I was eating at Los Arcos, a Mexican restaurant in Medford, Oregon. People who like really good Mexican food drive miles to eat there, and one of them told me about the place.
Located on the edge of town in an industrial zone, Los Arcos has something rare in this region--handmade tortillas. Women come in to pat them out on weekends. But any day the restaurant offers delicious tacos, chiles rellenos (made with fresh poblanos). barbacoa, carnitas and many other dishes, all produced from scratch.
The Thursday I was there, the specials were menudo, caldo de pollo (chicken soup) and chicken burritos. I opted for tacos (with a relleno on the side), because my informant had said they were so good.

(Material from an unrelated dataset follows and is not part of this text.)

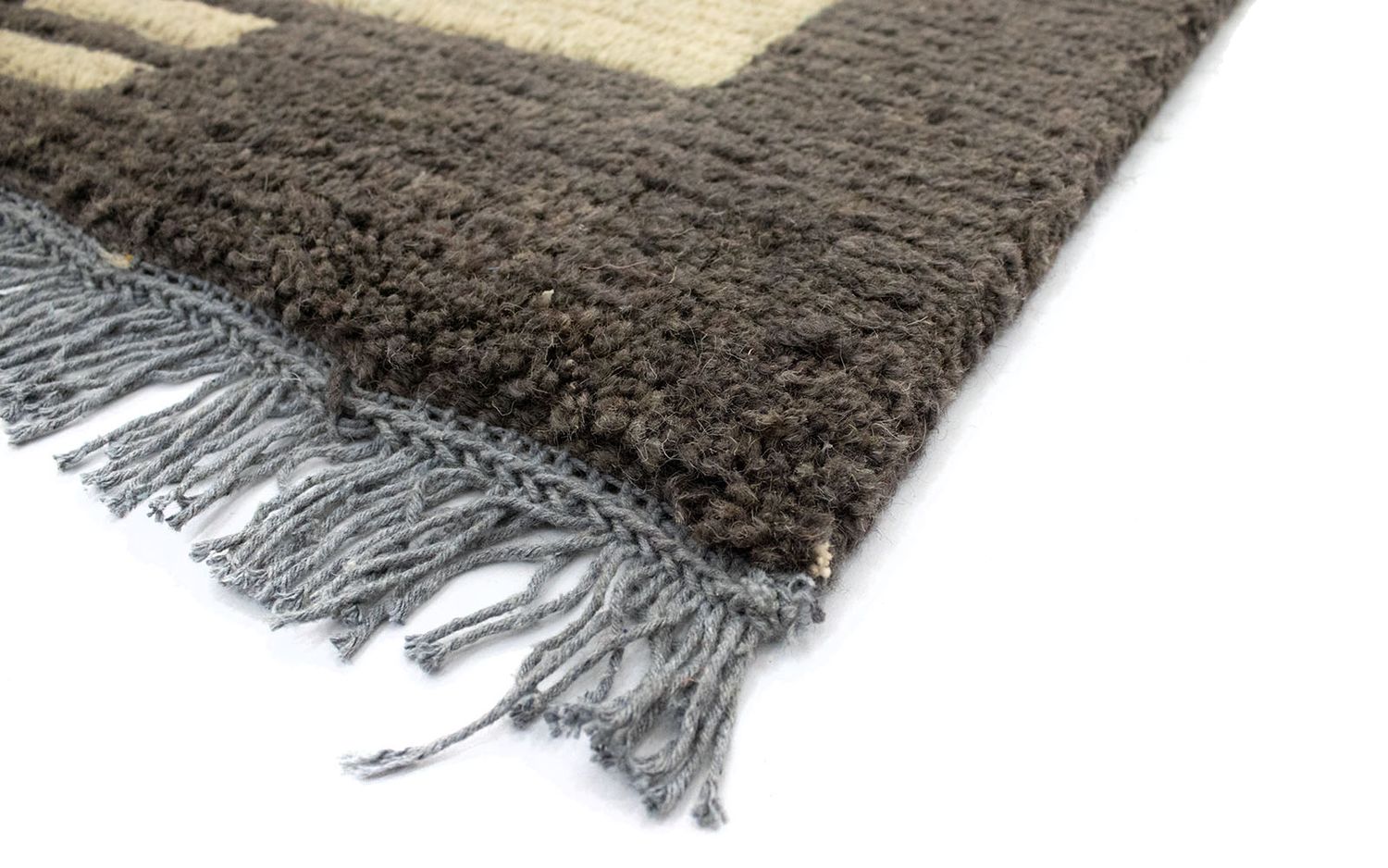 Alfombra de Nepal - 140 x 70 cm - beige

And the sign on the wall outside indicates that Los Arcos is an "autentica taqueria Mexicana" (authentic Mexican taco shop).
The tacos were small, presented open faced with the meats and a good fresh green salsa on top. Carne adobada (marinated pork) was more delicate than the robust, spicy meat that I am accustomed to. Carne asada was fine, but the birria stood out. The flavors of tomato, chiles and seasonings blended in perfect balance without any sharp intrusion of chile heat or strong spice.
The cook, Leonarda Gonzalez, is from Zacatecas, a state that borders Jalisco. Her husband Martin, who owns the four-year-old restaurant, is from a town near Tepic, Nayarit, which also borders Jalisco.
Leonarda was not in that noon, but their son Martin, who was in charge, picked up his phone and called for the recipe. And she obliged, although it was probably a challenge because she cooks without measuring.
Here is my interpretation of Leonarda's birria. It may not be quite the same, given the way I had to guess at quantities and procedures, but it is delicious in its own right.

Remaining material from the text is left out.